Nothing but the lines from the one containing "Summit White /" through the last line of the records below should be copied, exactly and without pictures.

▸ Provided information:
• • • • •

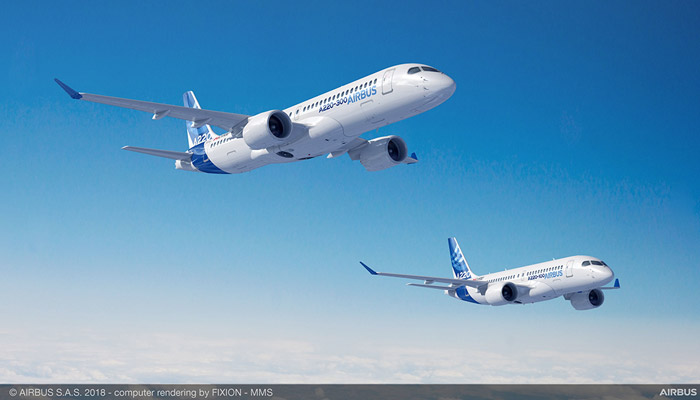 Airbus annonce une optimisation majeure des performances de la famille A220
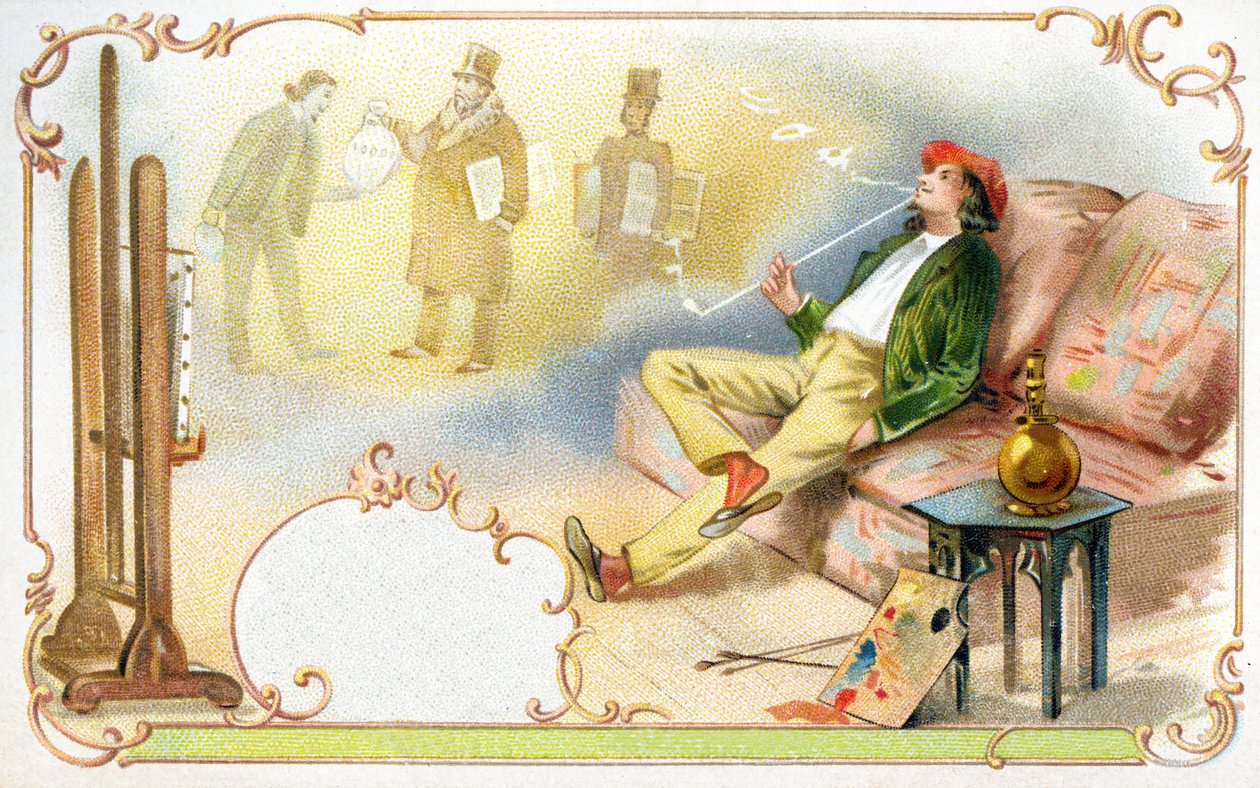 The Artists Pipe Dreams, 1900 alkotó: European School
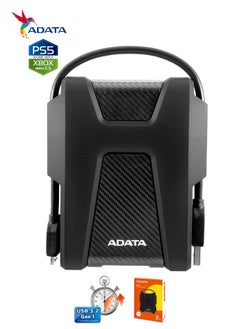 ADATA HD680 DURABLE 2TB External HDD | Anti-Shock Hard Drive | Compatible with PS5 XBOX | Black  - Image 3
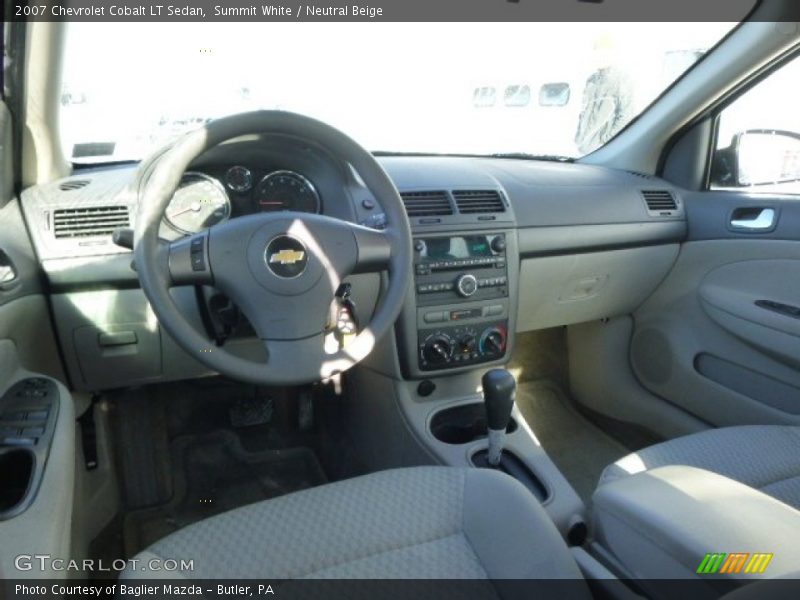 Summit White / Neutral Beige 2007 Chevrolet Cobalt LT Sedan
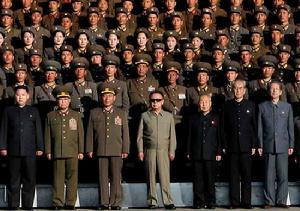 金正恩與金正日一起視察人民軍部隊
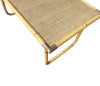 Mid Century Bamboo Coffee Table by Dal Vera, folding coffee table with brass corners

• • • • •

▸ Exercise solution:
 Summit White / Neutral Beige 2007 Chevrolet Cobalt LT Sedan
 金正恩與金正日一起視察人民軍部隊
 Mid Century Bamboo Coffee Table by Dal Vera, folding coffee table with brass corners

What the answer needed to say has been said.